In the absence of algorithms for a sound semantic classification of derivates and semantically transparent compounds these types of lexical items will be treated as ordinary headwords. Frequency counts from text corpora will serve as a guideline to judge on the inclusion of particular forms.


The amount of polysemy is kept to a minimum, additional senses are introduced only if the sense conflicts with the coordinates of other senses of the word in the network. When in doubt, GermaNet refers to the degree of polysemy given in standard monolingual print dictionaries.



Notation Conventions:

  • GermaNet lists lemmas (base forms) only. It is assumed that inflected forms are being mapped to base forms by some external morphological analyzer (which might be integrated into an interface to GermaNet).

  • Nouns: Ordinary nouns are cited by their nominative singular form. Plurale tantum, for which no singular form exists, are cited by their nominative plural form, e.g.: Kosten.

    For nouns derived from adjectives or verbs the masculine indefinite nominative singular form is generally used, e.g.: Angestellter, Grüner.

  • Verbs are cited by their infinitive form.

  • Adjectives are cited without endings for gender.

  • Abbreviations are covered if they form part of every day's language and are used in speech instead of the equivalent full form (e.g.: AIDS, SPD, EDV, LSD,etc.).

  • Multi word expressions are covered if they are commonly used and if they function as lexical units due to the strong collocational relation between their parts (e.g.

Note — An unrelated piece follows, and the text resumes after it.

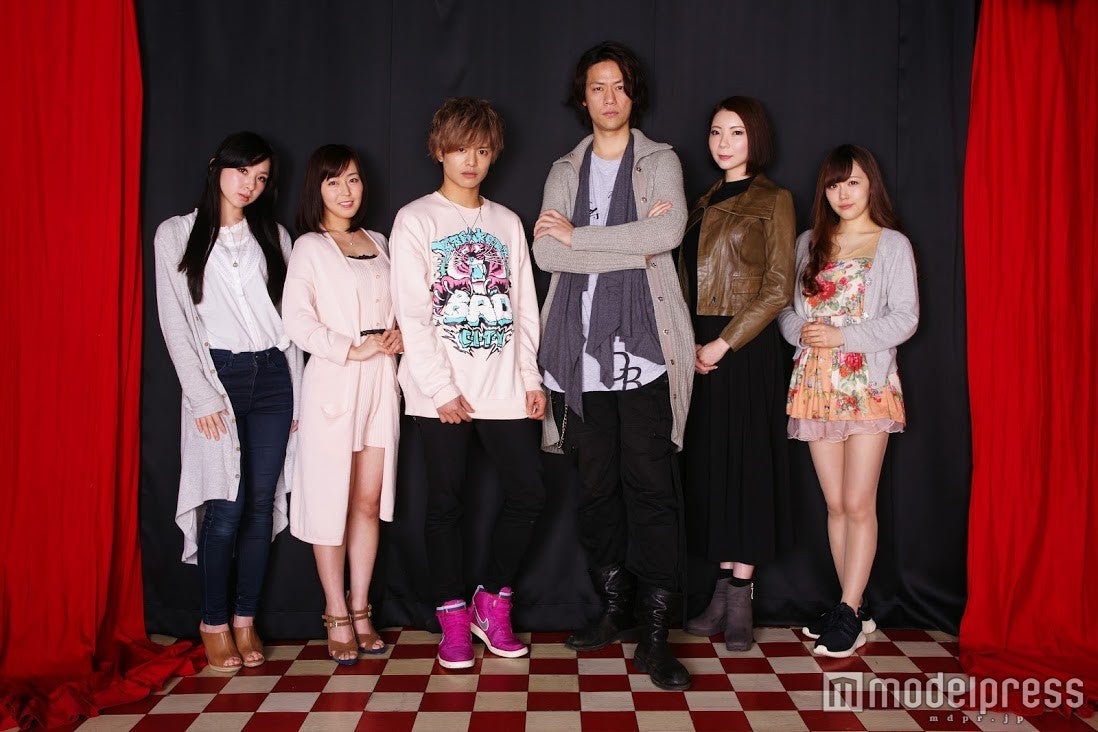 舞台「キャプテンハーロック」に出演する鈴木勤（左から2番目）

Hab und Gut, Erste Hilfe, instand setzen)

  • Concepts referring to human beings and thus indicating natural sexus will be treated as:

        
    1. Two separate entries (synsets) if the difference in sexus is lexicalized (Mann/Frau).
    2. One synset with two entries, listing the masculine and the feminine form (Lehrer, Lehrerin), otherwise.


Orthography

The new German orthography will be used. Additional citation forms may be listed as variants.


Orth Form: Fantasie, Orth Var: Phantasie
Orth Form: Myrrhe, Orth Var: Myrre
Orth Form: cirka, Orth Var: zirka


In addition the old spelling forms and variants are listed as well:


Old Orth Form: Schiffahrt
Old Orth Form: Fluß
Old Orth Form: Mikrophon, Old Orth Var: Mikrofon



Style Marking

Stylistic variants are marked by a special feature:

schnipsen, stylistic variant: schnippen
Po, stylistic variant: Arsch
arbeiten, stylistic variant: schaffen



Definitions (Paraphrases)

Due to limited resources we will only be able to provide a relatively small number of textual definitions for senses in GermaNet. Lexicographers will add definitions when they feel that a particular sense is not adequately defined by its synonyms and/or its immediate neighbor nodes in the network. The definitions are non-formalized textual descriptions of the concepts.


Horizont: Linie, an der sich Himmel und Erde bzw. Meer scheinbar berühren


Example sentences may be given instead of or in addition to free text descriptions.


abbauen(1): Sie haben das Gerüst schon wieder abgebaut.
abbauen(2): Hier wird Kohle abgebaut.



Lexical Gaps/Artificial Concepts

Concepts which do not exist in German, but which are required in order to build a proper hierarchy are marked as artificial. We refer to such concepts as Lexical Gaps. Example: natürliches_Phänomen.


Note, that attributive adjectives are cited in lower case unless they are lexicalized (no longer a lexical Gap) as in Erste Hilfe.



Named Entities

Proper names are only covered if they refer to a single non-linguistic item in the real world. Therefore, geographical names, organizations, etc., (for example Deutschland, Bündnis für Arbeit) are marked as named entities whereas nationalities are not.